In light of our state's push into "higher stakes testing", I think Popham reminds us of some important key issues and ideas about tests and teacher evaluations that state politicians and policymakers seem to forget.
  • “Tests are not valid or invalid. Instead, it is a test-based inference whose validity is at issue.” In other words, it isn't the test that’s valid or invalid, it is the inferences drawn from those tests that have these qualities. It boils down to whether you can actually make an inference based on the test or not. The question is whether North Carolina's tests, which have been implemented haphazardly and a thrown-together-manner, actually tell us anything at all about the quality of teaching in our classrooms. Can I honestly say Teacher A is a good teacher because she added "this much" value to her students' Measures of Student Learning? Seems to me that it puts a great deal of faith in a single test.
  • “Tests allow us to make inferences about a test taker. This inference, depending on the appropriateness of the test as a support for the inference being made, may be valid or invalid.” As Popham points out, the inference we make about the learner may be valid or invalid depending on the “appropriateness of the test” in its role to support the inference being made. As we know, the word validity is the extent to which that inference, or conclusion, is well-founded or corresponds to the real world. This boils down to whether the inference we draw about a student is valid or not. For example, should we infer, based on a student’s test scores that he is not proficient in the subject, we must be satisfied that the test we are using is the “appropriate measure,” and we must also make sure the conclusion we draw considers all real world facts. Ignoring a student’s socio-economic status, or even whether he experienced  a death in the family, can make our inference about the student’s proficiency invalid. Then there's the whole issue about making an inference about a teacher or principal's effectiveness using this same test. Has North Carolina sufficiently established the appropriateness of their Measures of Student Learning, End of Grade Tests, End of Course Tests, as instruments that allow for making inferences about teacher and principal quality? I'm not sure they have. Another question, do these Measures of Student learning allow us to make valid inferences about teacher quality? I'm not convinced they do.
As North Carolina moves forward with a teacher and principal appraisal instrument that uses test scores to determine effectiveness, all educators need to educate themselves and scrupulously ask questions of policymakers at all levels.
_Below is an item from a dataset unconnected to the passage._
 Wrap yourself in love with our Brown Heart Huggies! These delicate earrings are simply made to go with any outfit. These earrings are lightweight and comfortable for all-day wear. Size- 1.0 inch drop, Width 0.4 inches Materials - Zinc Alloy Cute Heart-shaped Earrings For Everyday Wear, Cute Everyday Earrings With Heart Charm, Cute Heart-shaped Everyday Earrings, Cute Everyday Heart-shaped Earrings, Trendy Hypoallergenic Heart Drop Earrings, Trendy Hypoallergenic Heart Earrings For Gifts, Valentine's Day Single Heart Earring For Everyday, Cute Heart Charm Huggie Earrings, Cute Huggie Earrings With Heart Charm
As Popham suggests, “If heavy importance is being given to students’ performances on state tests for which there is no evidence supporting such an evaluative usage, then teachers (I would add principals too) might wish to engage in further study of this issue so that, armed with pertinent arguments, they can attempt to persuade educational decision makers that more appropriate evidence should be sought.” In other words, all educators, administrators, and teachers need to study how North Carolina or any state is using test scores to determine educator effectiveness.
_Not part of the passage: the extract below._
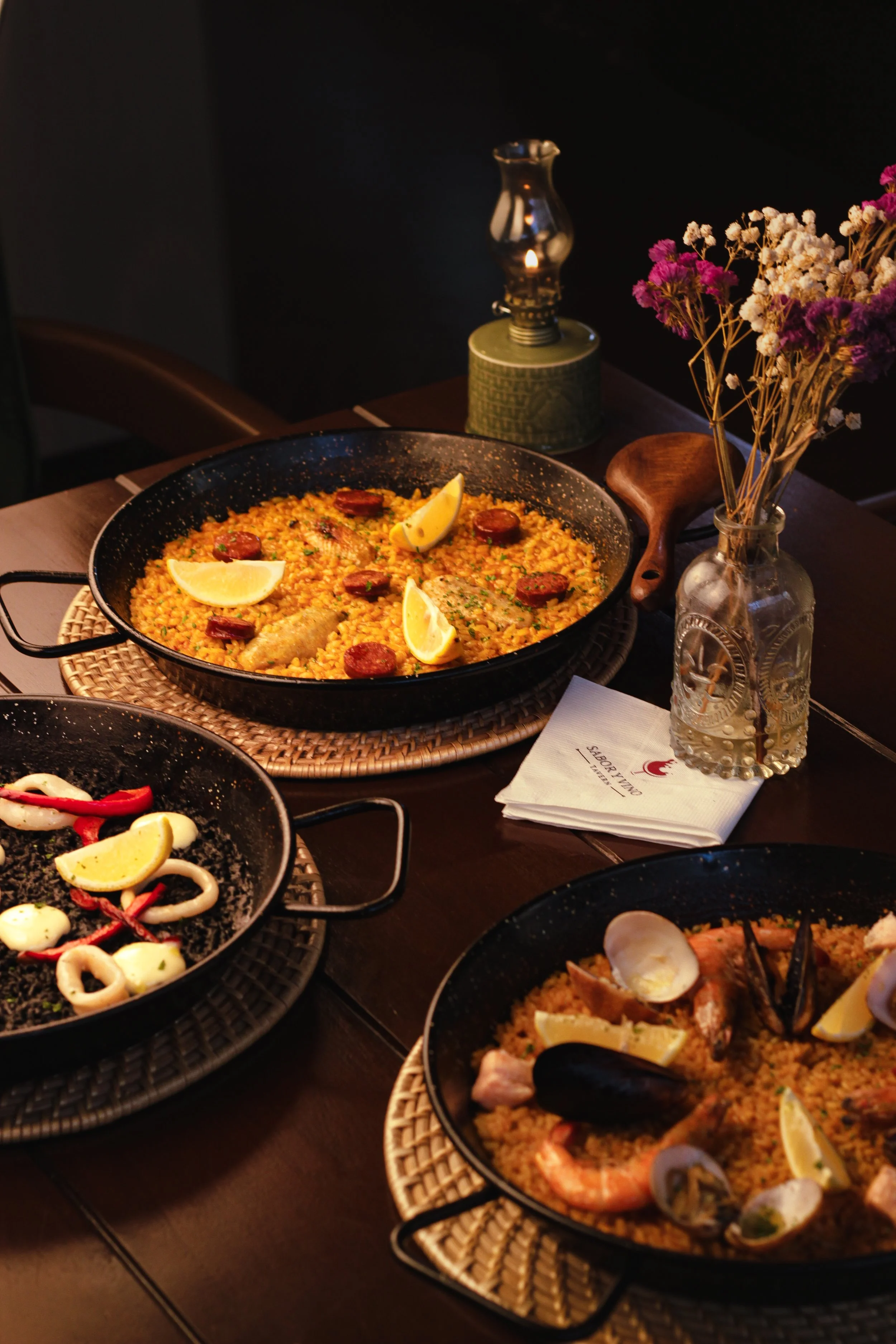The image shows a table with three black pans of Spanish paella containing rice, seafood, sausage, and lemon wedges, surrounded by a glass vase with flowers and a lamp, all in a cozy indoor setting.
Administrators owe it to their teachers, and themselves, to understand that some of these tests were never designed to determine educator effectiveness, so that data needs to be viewed with skepticism. And, I would add that the manner in which these Measures of Student Learning were developed and are administered may not allow them to draw valid inferences about teacher quality. Test scores in North Carolina currently are only 1/6th of the teacher evaluation, and effective administrators are going to keep this in mind and not let the allure of numbers numb them to the other 5 standards.

Wednesday, February 13, 2013

When Tests Matter More Than Students: Test-Prep Learning Cultures in Action

"Who would want to teach in a system that measures your worth as an educator by how much your students can regurgitate on a two-hour multiple-choice test and that has reduced much of the curriculum to tedious test-prep exercises?" writes Tony Wagner in his latest book entitled Creating Innovators: The Making of Young People Who Will Change the World.

Who, indeed, would want to teach in the kind of education system Wagner describes in this question? Perhaps a better question would be, "Who would want to learn in such a system?" Yet, with all the increased emphasis across the country on test scores as part of both teacher and principal evaluations, the kind of education system Wagner predicts is already coming to fruition, and my state is on the fast track to such a system.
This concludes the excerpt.